### MATERIAL PROVIDED
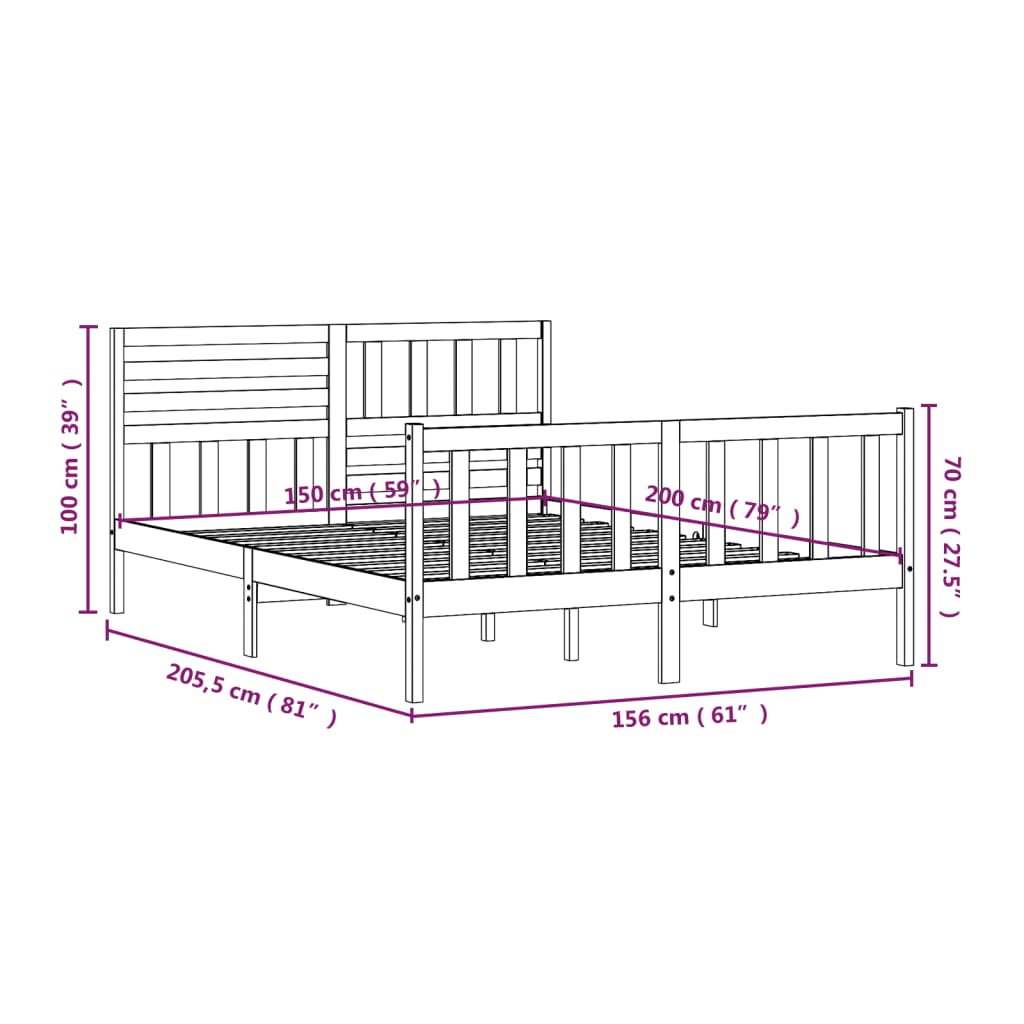 Bed Frame without Mattress King Size Solid Wood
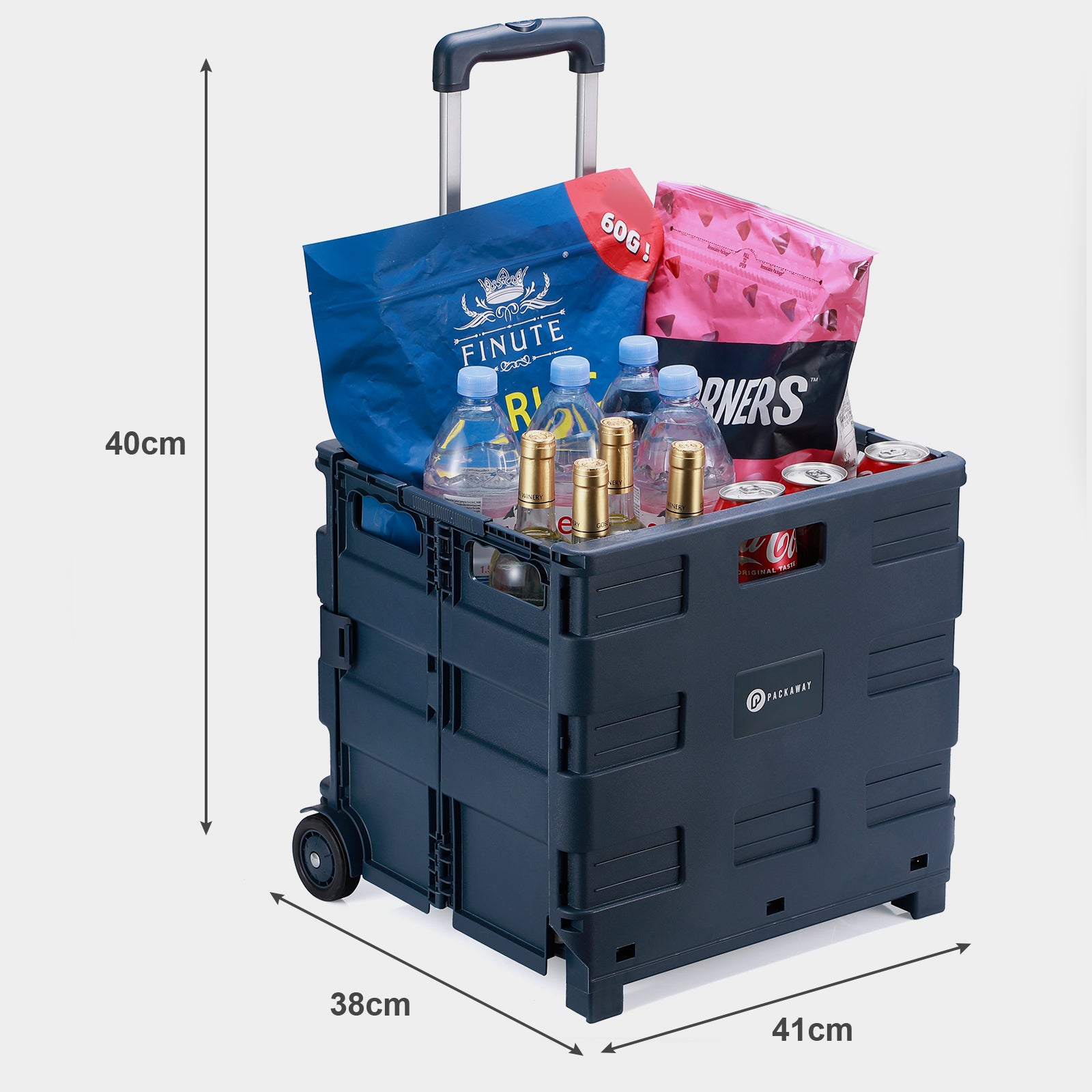 Packaway XL Foldable Shopping Trolley with wheels - Shopping crate - Storage box - Shopping trolley - Folding crate - 50 Liters - Blue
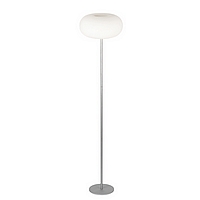 Satin silver and opal glass with a polished chrome dimpled centre. Height - 161cm Diameter - 38cmBul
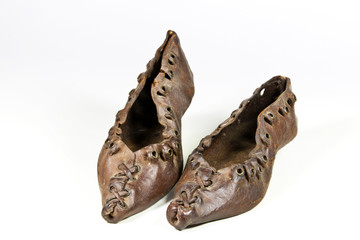 Pair of Hand Made Brown Leather Ornamental Shoes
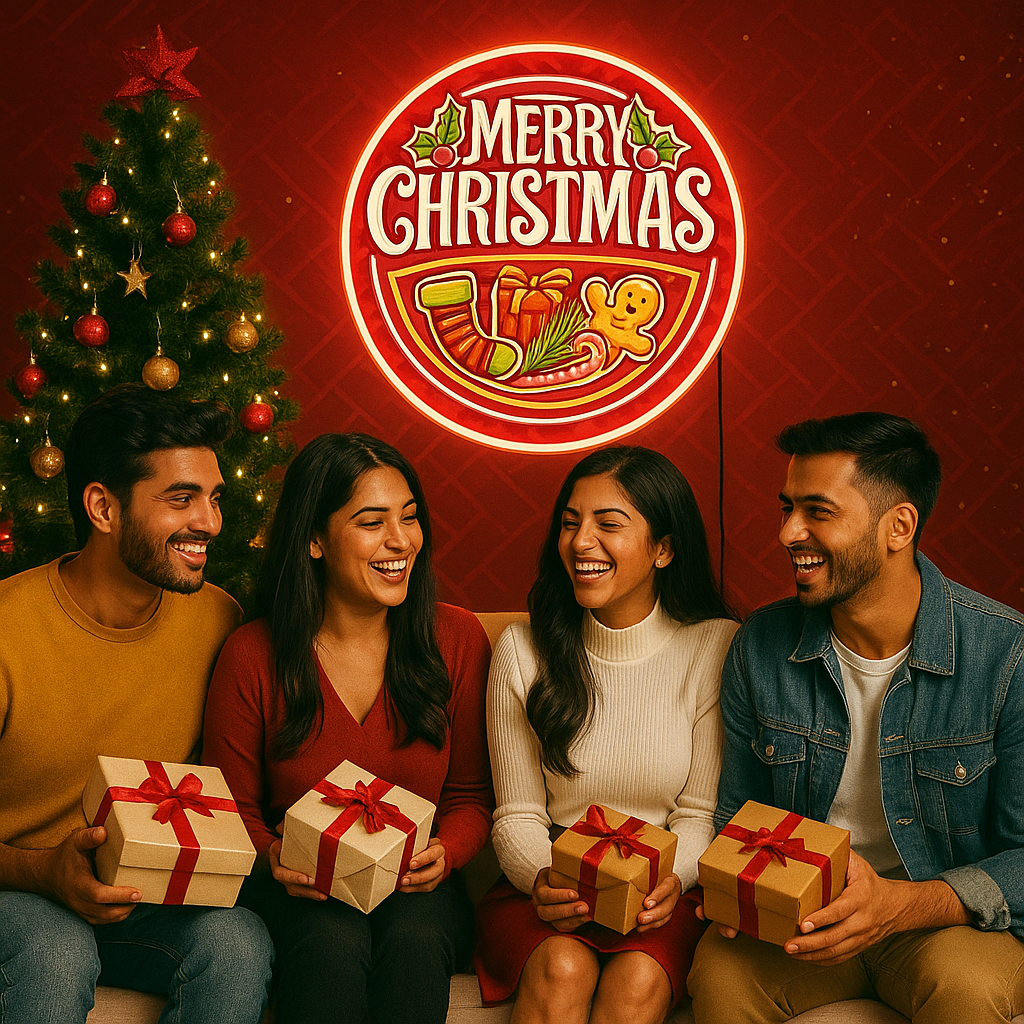 Merry Christmas Neon Sign – Festive LED Wall Light for Holiday Decor (Red neon boarder) Neonsignsindia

### TASK DETAILS
The whole listing above must be set down again exactly, but without its images.

### EXERCISE RESULT
 Bed Frame without Mattress King Size Solid Wood
 Packaway XL Foldable Shopping Trolley with wheels - Shopping crate - Storage box - Shopping trolley - Folding crate - 50 Liters - Blue
 Satin silver and opal glass with a polished chrome dimpled centre. Height - 161cm Diameter - 38cmBul
 Pair of Hand Made Brown Leather Ornamental Shoes
 Merry Christmas Neon Sign – Festive LED Wall Light for Holiday Decor (Red neon boarder) Neonsignsindia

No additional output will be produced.